E o Banco de Portugal é, refere fonte oficial, "a autoridade nacional competente pelo registo das entidades que, no nosso país, pretendam exercer atividades com ativos virtuais". O Banco de Portugal verifica ainda o "cumprimento das disposições legais e regulamentares aplicáveis às entidades registadas em matéria de prevenção do branqueamento de capitais e do financiamento do terrorismo".
Apreendidos bens no valor de 2,5 milhões de euros
Se, por cá, o esquema "ponzi" liderado por Vítor Fajardo assentava na mensagem boca a boca, em Espanha, onde o empresário se refugiou logo após os primeiros problemas em Portugal, a burla envolveu ações de marketing na rádio, eventos desportivos e até iniciativas solidárias.
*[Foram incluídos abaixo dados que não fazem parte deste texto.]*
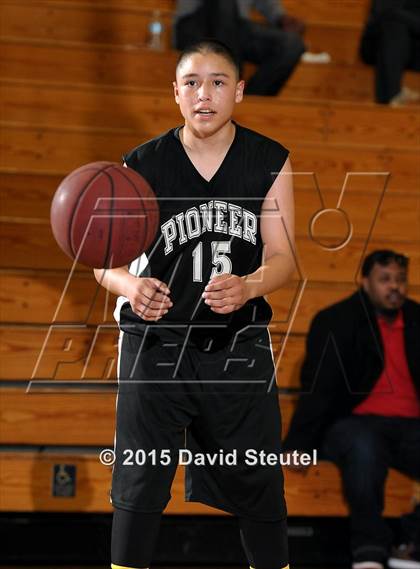 Thumbnail 1 in Pioneer @ Inderkum photogallery.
Mas tudo acabou em pouco tempo. Uma das vítimas, mulher influente que convenceu amigos endinheirados a aderir à artimanha, desconfiou das promessas não cumpridas e contratou um detetive privado. Este descobriu a burla e informou a Guardia Civil que, desde agosto último, passou a investigar a atividade de Fajardo.
Cinco meses depois, a congénere espanhola da GNR realizou uma operação que permitiu a detenção do burlão português e a apreensão de 2,5 milhões em bens, em saldos bancários e 13 carros de alta cilindrada, entre outros bens.
A investigação também sinalizou vítimas no Luxemburgo e Suíça.